== Assignment ==
Would you transcribe exactly the lines from the one containing "4- 클로로 -3-[[[(4-IODOBENZOYL)" to the last line of the data below, both ends included, but none of the pictures?

== Data section ==
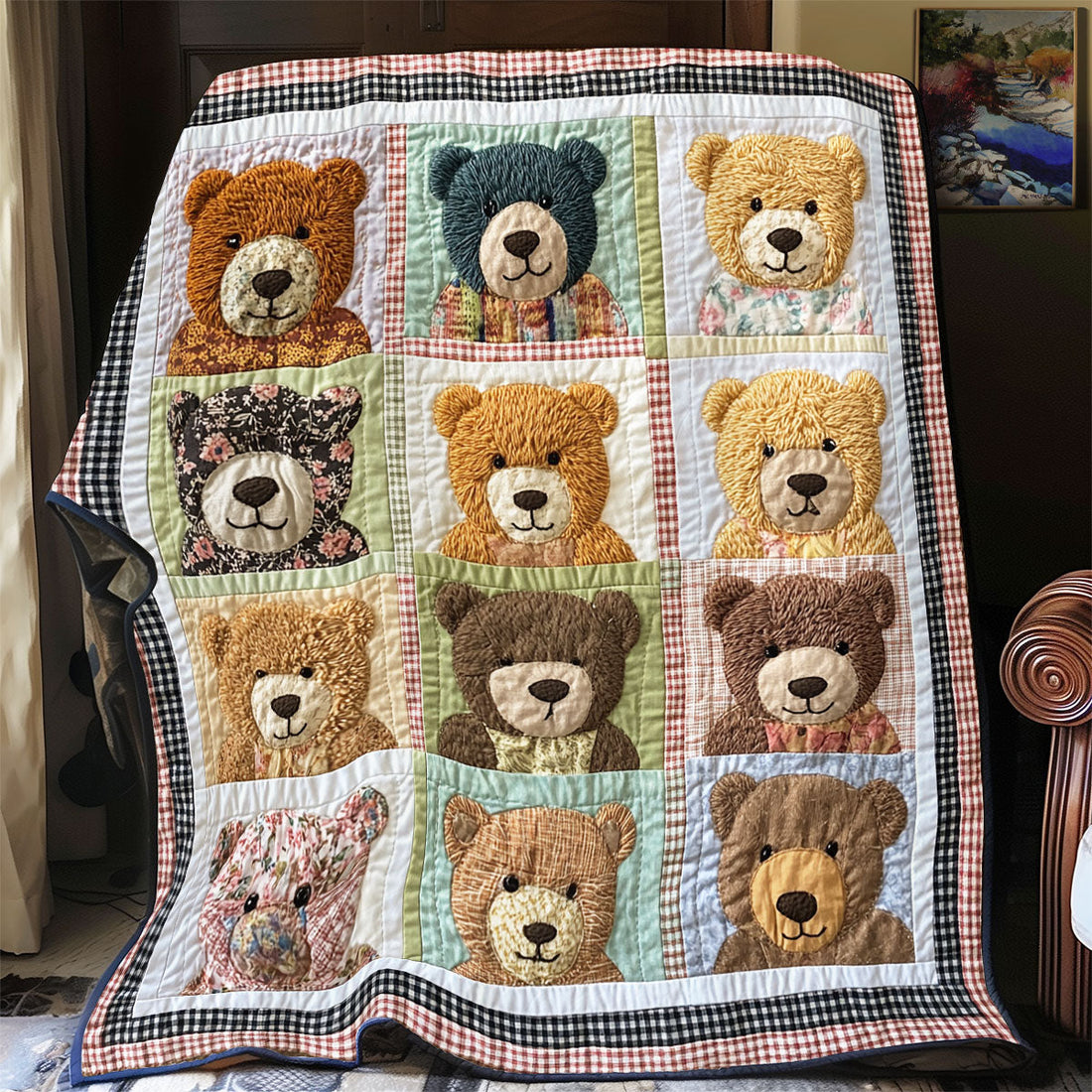 Bear Hugs Quilt Blanket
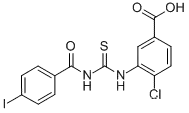 4- 클로로 -3-[[[(4-IODOBENZOYL) AMINO] THIOXOMETHYL] AMINO] -BENZOIC ACID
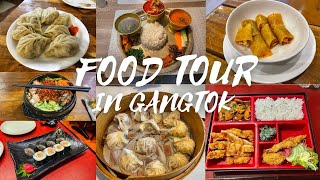 WHERE TO EAT IN MG MARG  GANGTOK FOOD TOUR  FOOD IN SIKKIM [upl. by Boyd378]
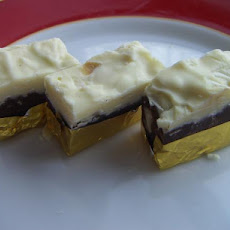 Double Layer Coffee Almond Fudge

== Response area ==
 4- 클로로 -3-[[[(4-IODOBENZOYL) AMINO] THIOXOMETHYL] AMINO] -BENZOIC ACID
 WHERE TO EAT IN MG MARG  GANGTOK FOOD TOUR  FOOD IN SIKKIM [upl. by Boyd378]
 Double Layer Coffee Almond Fudge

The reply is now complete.